*Required work*. Taking the line that contains "Lucky Brand Short Sleeve Linen Shirt" as the first, copy exactly every line through the last line of the records, and nothing else.

(Data Opens)

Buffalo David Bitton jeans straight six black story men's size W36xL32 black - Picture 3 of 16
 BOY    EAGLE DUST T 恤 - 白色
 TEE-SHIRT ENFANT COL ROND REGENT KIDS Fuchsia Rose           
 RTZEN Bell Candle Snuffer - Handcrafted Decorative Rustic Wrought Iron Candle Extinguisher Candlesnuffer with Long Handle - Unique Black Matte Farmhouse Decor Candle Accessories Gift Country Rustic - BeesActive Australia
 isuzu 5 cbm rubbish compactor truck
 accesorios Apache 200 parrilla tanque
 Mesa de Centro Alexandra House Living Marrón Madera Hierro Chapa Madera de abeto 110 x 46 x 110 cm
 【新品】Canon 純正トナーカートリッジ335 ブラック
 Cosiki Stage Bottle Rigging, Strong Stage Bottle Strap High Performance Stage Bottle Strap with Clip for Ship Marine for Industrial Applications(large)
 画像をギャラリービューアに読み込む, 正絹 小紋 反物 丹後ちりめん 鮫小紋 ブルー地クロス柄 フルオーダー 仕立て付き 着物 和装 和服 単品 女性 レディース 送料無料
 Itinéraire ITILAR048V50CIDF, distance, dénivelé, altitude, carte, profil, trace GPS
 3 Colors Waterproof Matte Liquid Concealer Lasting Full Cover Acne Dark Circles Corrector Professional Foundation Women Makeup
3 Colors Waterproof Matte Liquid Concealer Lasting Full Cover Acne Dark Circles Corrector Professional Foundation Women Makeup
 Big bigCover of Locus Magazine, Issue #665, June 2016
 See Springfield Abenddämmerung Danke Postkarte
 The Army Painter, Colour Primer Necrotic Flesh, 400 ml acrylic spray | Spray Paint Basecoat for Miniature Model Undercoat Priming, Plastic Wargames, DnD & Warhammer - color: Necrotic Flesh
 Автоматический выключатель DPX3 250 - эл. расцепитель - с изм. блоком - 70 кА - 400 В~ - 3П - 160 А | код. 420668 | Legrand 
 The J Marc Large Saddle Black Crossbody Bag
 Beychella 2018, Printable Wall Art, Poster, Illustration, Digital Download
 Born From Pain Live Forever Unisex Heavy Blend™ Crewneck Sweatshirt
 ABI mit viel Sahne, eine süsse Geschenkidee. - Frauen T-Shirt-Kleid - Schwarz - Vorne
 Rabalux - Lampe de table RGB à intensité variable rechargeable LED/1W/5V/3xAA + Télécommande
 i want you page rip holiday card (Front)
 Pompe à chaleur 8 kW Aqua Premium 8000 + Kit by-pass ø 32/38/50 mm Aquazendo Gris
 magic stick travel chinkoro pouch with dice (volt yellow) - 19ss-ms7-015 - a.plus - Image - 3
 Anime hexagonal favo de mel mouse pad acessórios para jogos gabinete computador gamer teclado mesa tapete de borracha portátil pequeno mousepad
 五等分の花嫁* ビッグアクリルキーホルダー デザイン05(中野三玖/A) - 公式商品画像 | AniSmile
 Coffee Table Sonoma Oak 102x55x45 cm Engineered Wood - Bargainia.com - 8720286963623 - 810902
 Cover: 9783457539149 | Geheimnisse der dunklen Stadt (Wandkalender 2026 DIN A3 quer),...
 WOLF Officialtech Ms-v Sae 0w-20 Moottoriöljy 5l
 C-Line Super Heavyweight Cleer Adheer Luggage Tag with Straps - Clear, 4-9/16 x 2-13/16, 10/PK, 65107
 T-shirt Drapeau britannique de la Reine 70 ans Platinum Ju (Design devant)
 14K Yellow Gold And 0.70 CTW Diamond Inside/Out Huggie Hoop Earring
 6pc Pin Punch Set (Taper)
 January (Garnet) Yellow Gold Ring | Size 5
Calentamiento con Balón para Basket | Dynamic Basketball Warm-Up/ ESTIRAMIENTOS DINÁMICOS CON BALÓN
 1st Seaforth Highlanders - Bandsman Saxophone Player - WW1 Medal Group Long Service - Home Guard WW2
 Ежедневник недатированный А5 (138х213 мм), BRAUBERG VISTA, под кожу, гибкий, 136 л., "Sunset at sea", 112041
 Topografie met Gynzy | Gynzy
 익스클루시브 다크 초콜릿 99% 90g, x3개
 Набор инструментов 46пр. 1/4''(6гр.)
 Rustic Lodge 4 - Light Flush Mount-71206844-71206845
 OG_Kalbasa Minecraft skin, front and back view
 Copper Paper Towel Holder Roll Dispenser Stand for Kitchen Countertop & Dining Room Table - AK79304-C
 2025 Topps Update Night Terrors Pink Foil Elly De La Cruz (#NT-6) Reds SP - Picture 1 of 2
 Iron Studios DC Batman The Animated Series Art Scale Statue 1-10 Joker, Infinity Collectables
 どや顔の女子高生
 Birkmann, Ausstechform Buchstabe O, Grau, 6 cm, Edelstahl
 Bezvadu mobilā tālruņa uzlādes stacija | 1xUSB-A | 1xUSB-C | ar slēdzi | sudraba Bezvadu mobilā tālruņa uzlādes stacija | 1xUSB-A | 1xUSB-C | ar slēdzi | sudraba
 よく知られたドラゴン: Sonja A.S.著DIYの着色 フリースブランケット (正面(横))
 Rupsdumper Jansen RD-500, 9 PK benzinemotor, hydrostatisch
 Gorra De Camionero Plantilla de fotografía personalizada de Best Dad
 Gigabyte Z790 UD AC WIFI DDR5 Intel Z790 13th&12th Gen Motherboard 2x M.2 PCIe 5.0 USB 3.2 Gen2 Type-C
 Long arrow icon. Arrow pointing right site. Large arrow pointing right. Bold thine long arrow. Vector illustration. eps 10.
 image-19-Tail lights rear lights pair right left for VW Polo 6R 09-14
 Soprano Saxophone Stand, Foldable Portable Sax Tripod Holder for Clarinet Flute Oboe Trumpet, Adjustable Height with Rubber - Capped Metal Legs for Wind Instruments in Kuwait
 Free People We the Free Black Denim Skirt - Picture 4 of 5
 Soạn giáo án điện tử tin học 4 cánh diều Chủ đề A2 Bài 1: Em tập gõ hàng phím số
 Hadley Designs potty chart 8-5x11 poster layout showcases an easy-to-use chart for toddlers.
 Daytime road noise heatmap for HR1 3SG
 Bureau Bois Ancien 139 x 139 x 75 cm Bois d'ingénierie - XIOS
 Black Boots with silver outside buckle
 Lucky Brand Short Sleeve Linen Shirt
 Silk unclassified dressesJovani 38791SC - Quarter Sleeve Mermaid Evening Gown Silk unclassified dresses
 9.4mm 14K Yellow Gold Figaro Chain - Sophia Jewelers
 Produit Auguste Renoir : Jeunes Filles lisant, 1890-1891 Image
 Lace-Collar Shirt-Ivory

(Data Closes)

*Output below*.
 Lucky Brand Short Sleeve Linen Shirt
 Silk unclassified dressesJovani 38791SC - Quarter Sleeve Mermaid Evening Gown Silk unclassified dresses
 9.4mm 14K Yellow Gold Figaro Chain - Sophia Jewelers
 Produit Auguste Renoir : Jeunes Filles lisant, 1890-1891 Image
 Lace-Collar Shirt-Ivory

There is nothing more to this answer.